Killer Beast Elevator Returns to Colosseum after 1,500 Years
A replica of the lift system used to hoist and release deadly wild animals onto the Colosseum’s floor has been unveiled inside Rome’s ancient amphitheater.
The Colosseum was not only ancient Rome’s largest amphitheater, it was perhaps the empire’s goriest slaughterhouse. For approximately 450 years after its completion in A.D. 80, the Colosseum—officially known as the Flavian Amphitheatre—hosted Roman blood sports such as gladiators fighting to the death, crucifixions and even mock sea battles in which hundreds of prisoners of war were killed or drowned.
Another popular Roman pastime was to release wild animals into the Colosseum to fight with each other or human combatants in front of 50,000 cheering fans. Specially trained warriors known as “venatores” and “bestiarii” staged elaborate hunts of a menagerie of exotic beasts culled from the far ends of the Roman Empire such as lions, tigers, panthers, bears, wolves, boars, crocodiles and even elephants captured in north Africa.
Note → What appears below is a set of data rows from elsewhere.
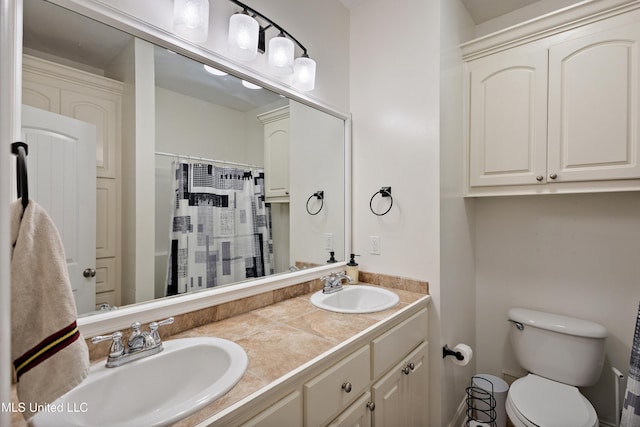 full bath with a shower with shower curtain, double vanity, toilet, and a sink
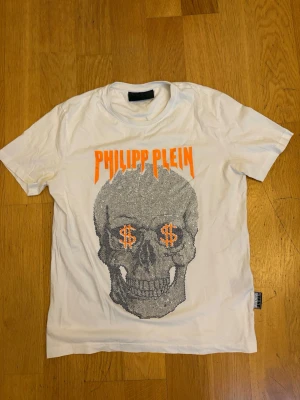Vit Philipp Plein t-shirt med döskalle - Cool vit t-shirt från Philipp Plein med ett stort döskallemotiv i silver och orange på framsidan. Loggan är tryckt i orange ovanför motivet och t-shirten har korta ärmar. Materialet är mjuk bomull och passformen är normal.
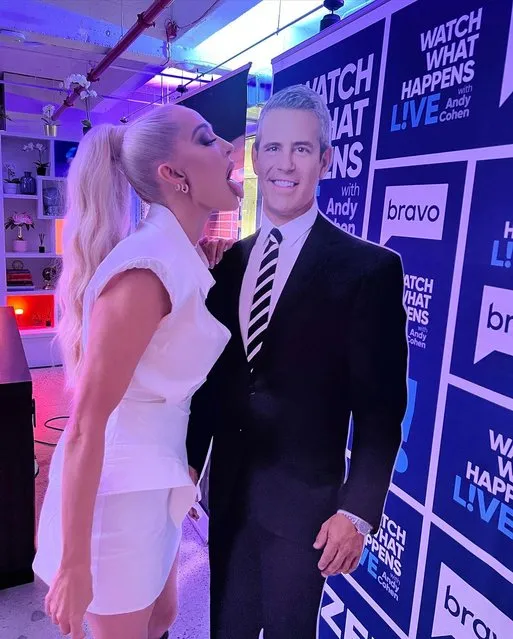 American singer Erika Jayne gives some tongue action to an American television presenter Andy Cohen cardboard cutout in the last decade of July 2023. (Photo by theprettymess/Instagram)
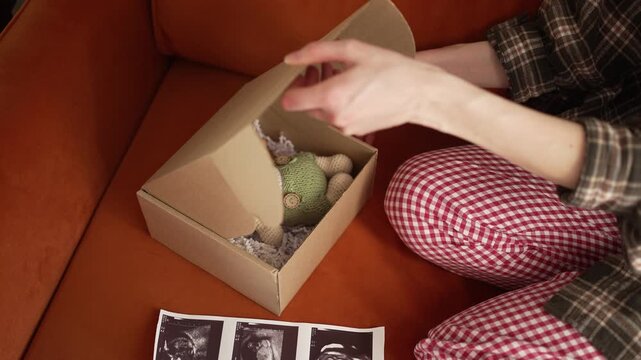 Expectant mother sitting on a couch, opening a gift box with a handmade crochet bunny and a wooden rattle, joyfully examining the baby's ultrasound pictures with heartfelt emotion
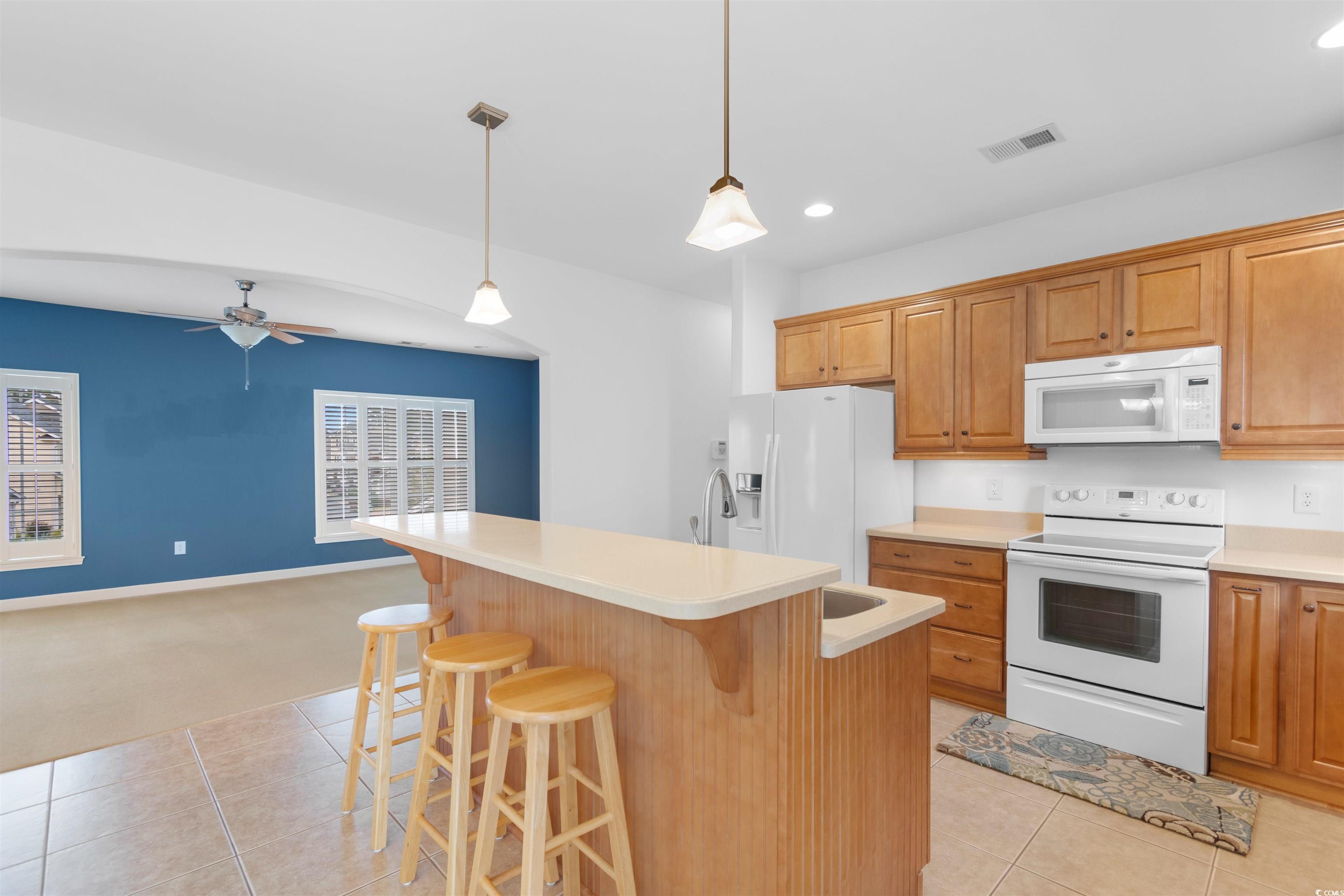 141 Terracina Circle Myrtle Beach, SC 29588 - Photo 8 of 40 Kitchen featuring white appliances, a kitchen isla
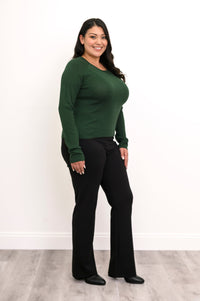 Side-facing view of a plus size female model wearing a green sweater with black pants and shoes, against a white wall and gray floor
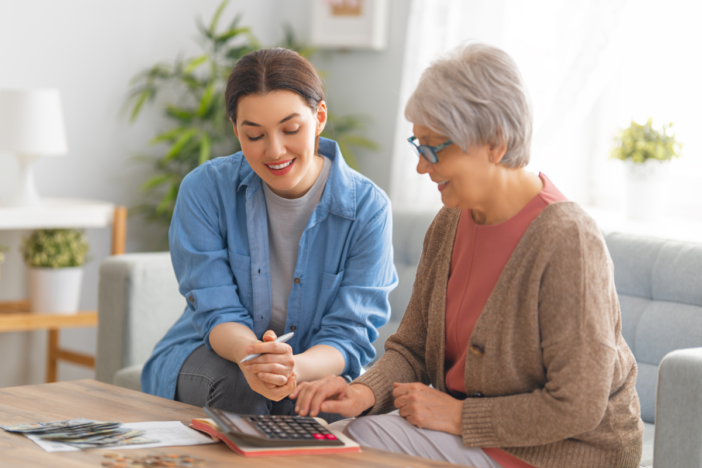 Vrouw helpt oudere vrouw met een rekenmachine. Ze zitten naast elkaar en lachen.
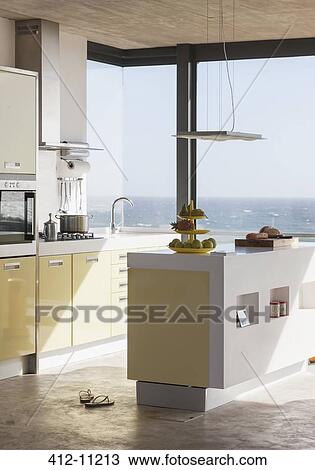 Stock Image - Modern kitchen overlooking ocean. Fotosearch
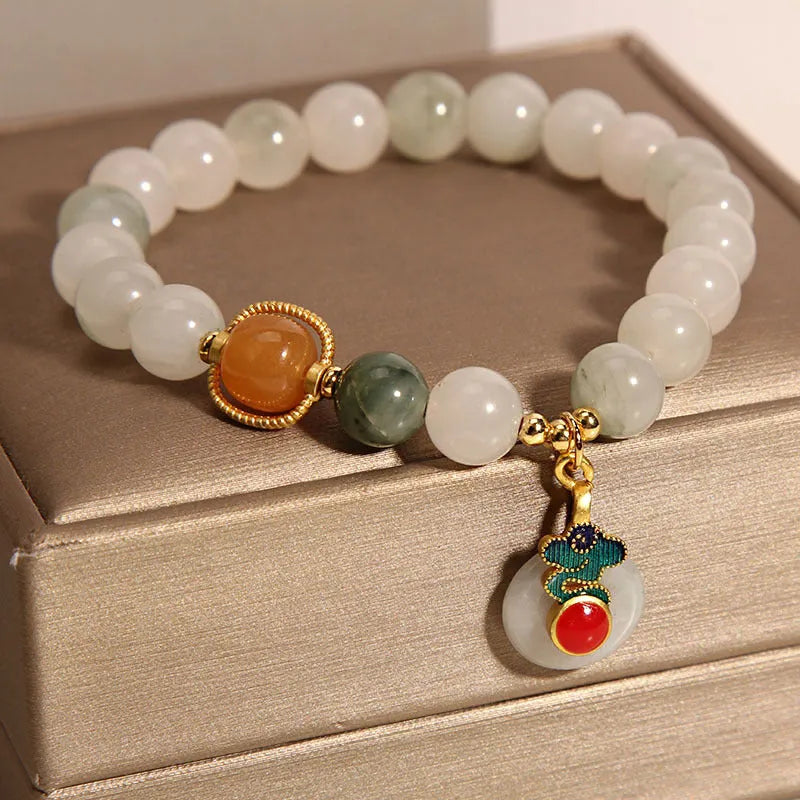 Women's adjustable ice jade bracelet with pearl accents and xiangyun jade buckle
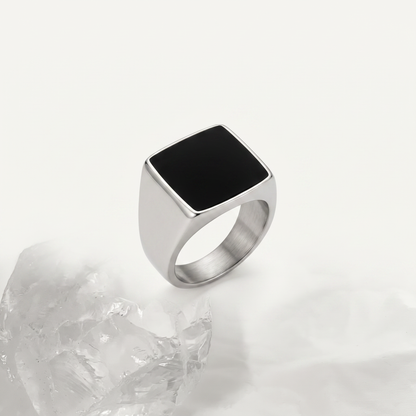 Square onyx signet ring on white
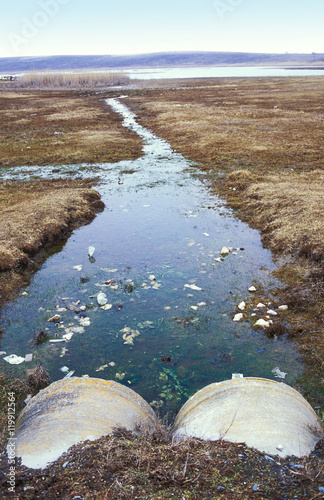 Sewage pipe coming above ground photo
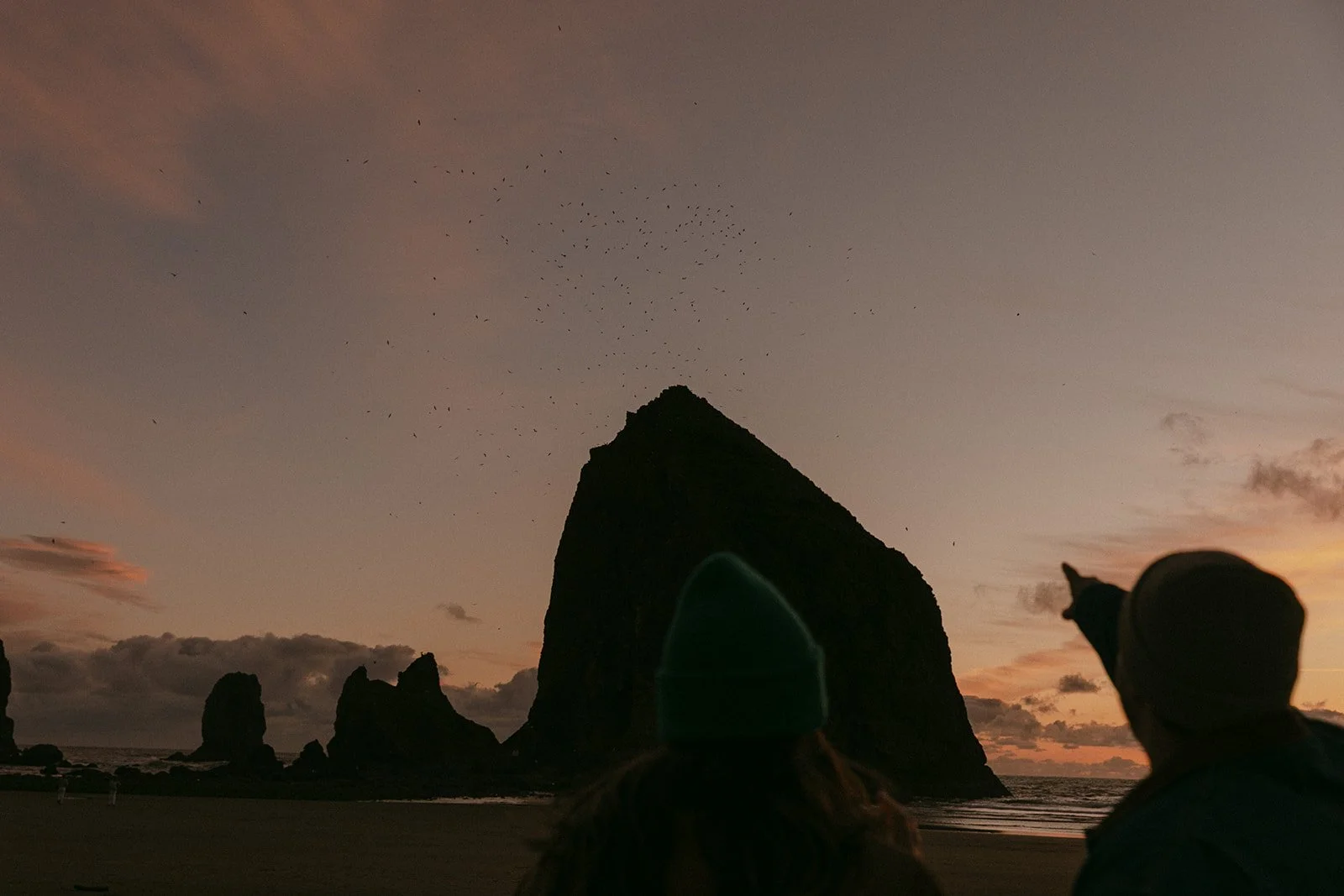 A couple choosing where to take engagement photos on Cannon Beach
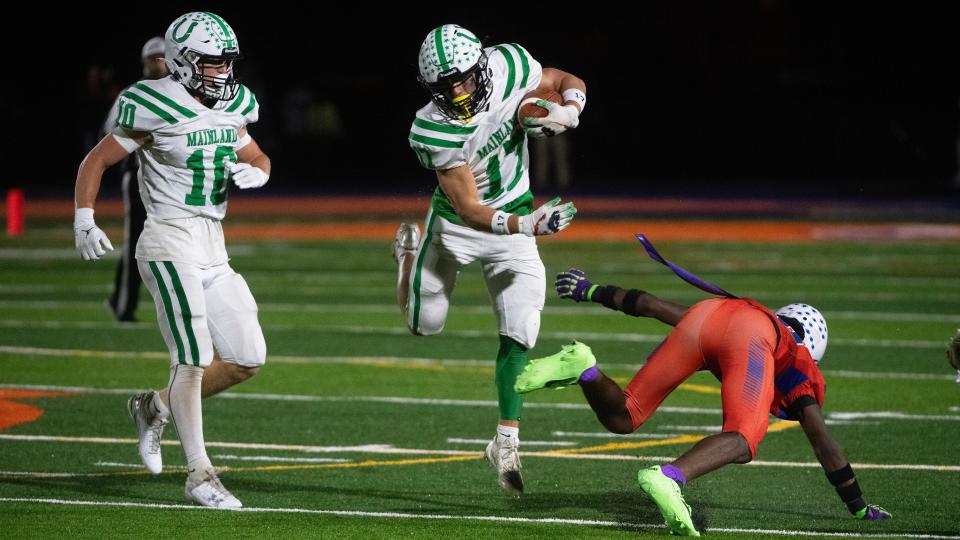 Mainland's Stephen Ordille, center, runs the ball in for a touchdown during the South Jersey Group 4 championship football game between Mainland and Millville played in Millville on Friday, November 10, 2023. Mainland defeated Millville, 35-13.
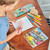 A lifestyle image of an EeBoo Dinosaur Sketchbook in use.
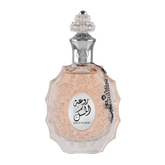 The image shows a decorative perfume bottle:  The bottle has an ornate, multi-faceted glass design with a textured surface and a pale pink tint, suggesting a delicate fragrance within. It features a clear glass stopper with an intricate cut pattern on top. A metallic silver chain with a charm and a small black stone is attached to the neck of the bottle. The front of the bottle displays a white oval label with Arabic calligraphy and the name "ROUAT AL MUSK" in Roman characters below.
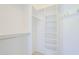 Walk-in closet with built-in shelving and clothing racks at 11360 E Keats Ave # 78, Mesa, AZ 85209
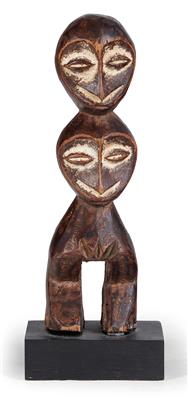 Lega (also Warega or Rega), Dem. Rep. of Congo: a female figure made of wood, with two heads on top of each other. Probably an object used as a ‘hunting amulet’. Rare. - Tribal Art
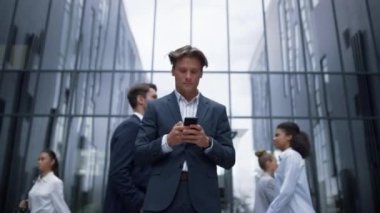 Düşünceli iş adamı şehir merkezinde akıllı telefon kullanarak dışarıda mesaj atıyor..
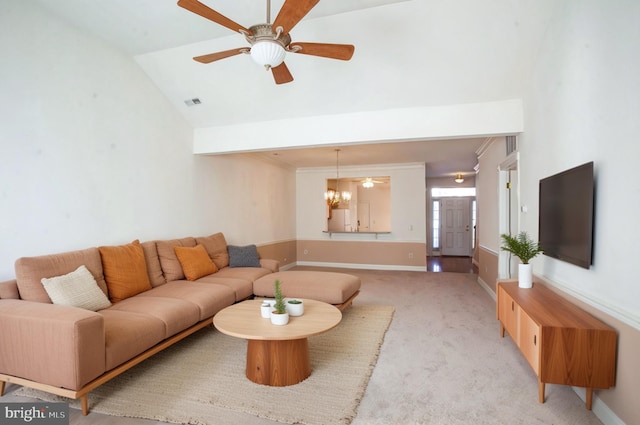 living area featuring vaulted ceiling, ceiling fan, visible vents, and light colored carpet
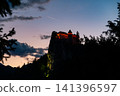 Low-angle view of Bled Castle perched on a rocky cliff above Lake Bled, Slovenia, beneath a dramatic dark sky after sunset, highlighting its medieval architecture. 141396597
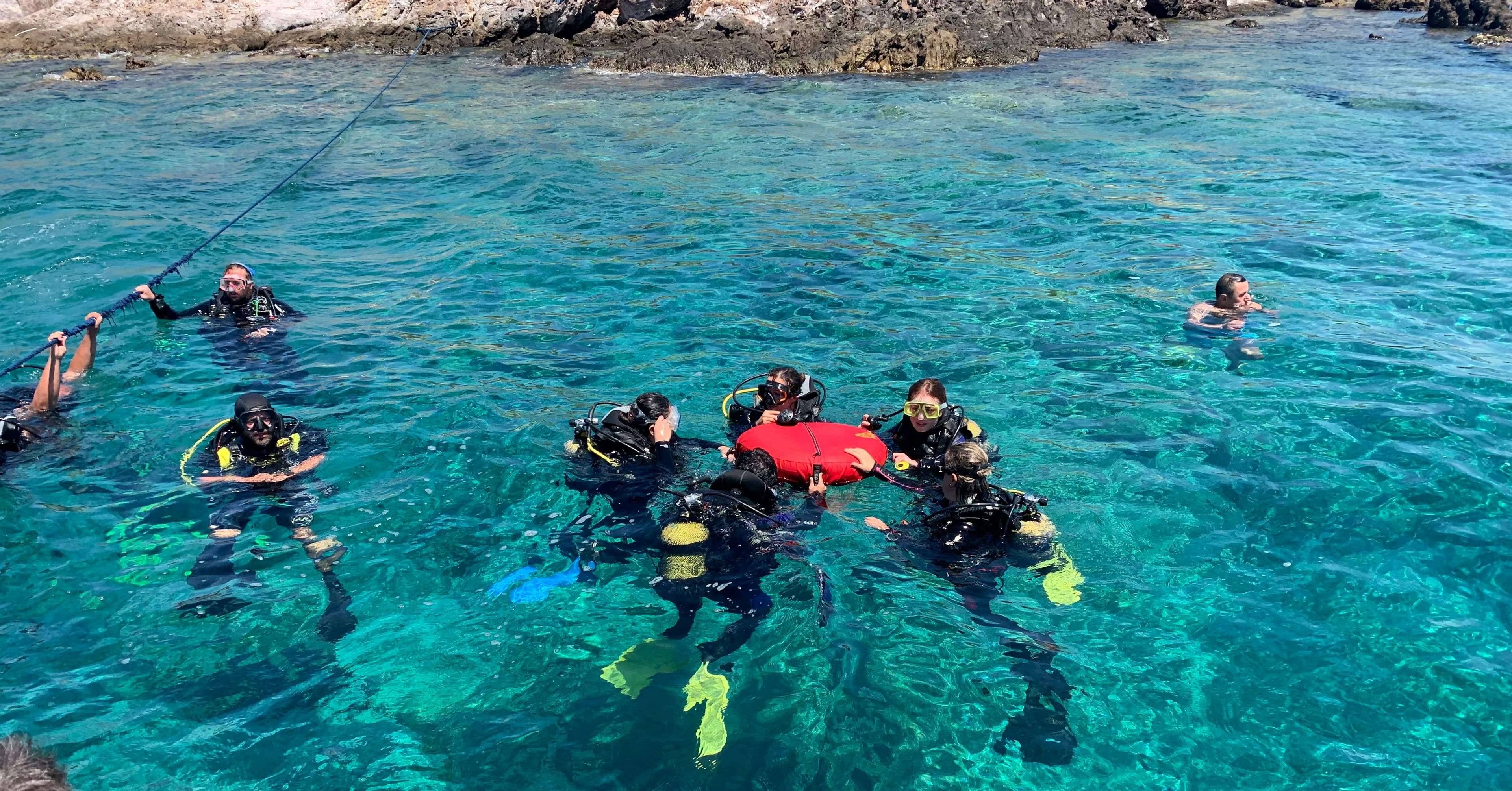 Divers grouped together in clear blue water before a dive
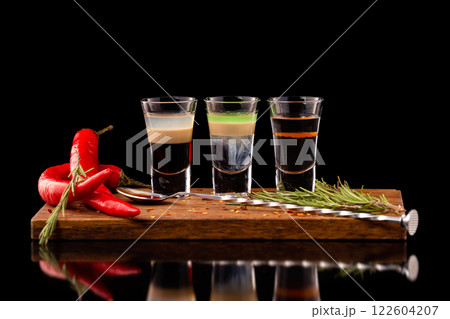 Three alcohol shooter layered cocktails on a wooden board served with barman spoon and chili pepper isolated at black background. Three alcohol shooter layered cocktails on a wooden board served with barman spoon and chili pepper isolated at black background. 122604207
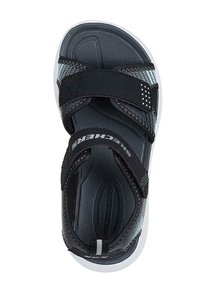 Sandalia negra con correas ajustables, plantilla texturizada y suela blanca. Presenta sutiles acentos grises y la marca Skechers en la correa.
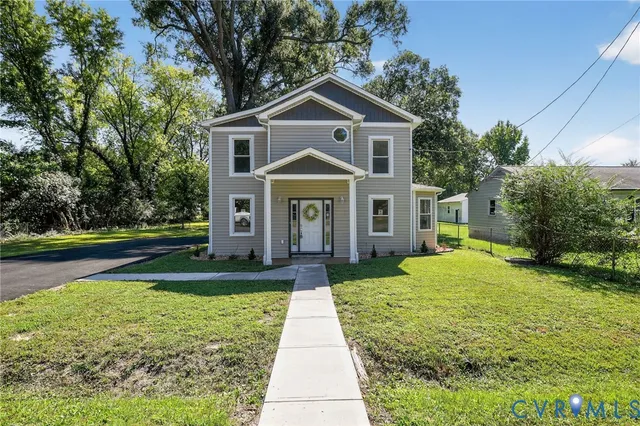 a front view of a house with yard and green space
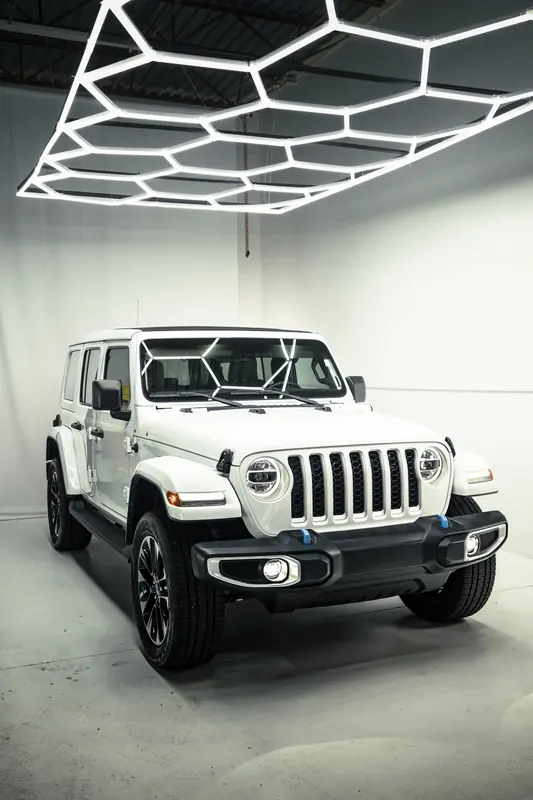 Jeep Wrangler 4xe grille under a hexagon light ceiling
The Romans caged the fierce animals inside the Colosseum’s torch-lit labyrinth of chambers and passageways, known as the hypogeum, underneath the arena’s wooden floor, which was covered with sand to soak up the blood of combatants. A sophisticated system of 28 lifts, powered by slaves, hoisted the caged animals 24 feet up to the Colosseum’s floor where the lid of the cage and a trap door opened simultaneously to allow the animal to run up a ramp into the amphitheater to the roar of the crowd. When closed, the trap door could support the weight of gladiators and animals above. In addition to wild animals, the elevators could have been used to lift props and pieces of scenery for Roman productions.
The elevator system is powered by eight men on two decks who turn a huge wooden shaft connected by a series of ropes, pulleys and lead weights to a wooden cage capable of holding more than 600 pounds. The manpower slowly raises the cage to the arena floor where the trap door opens.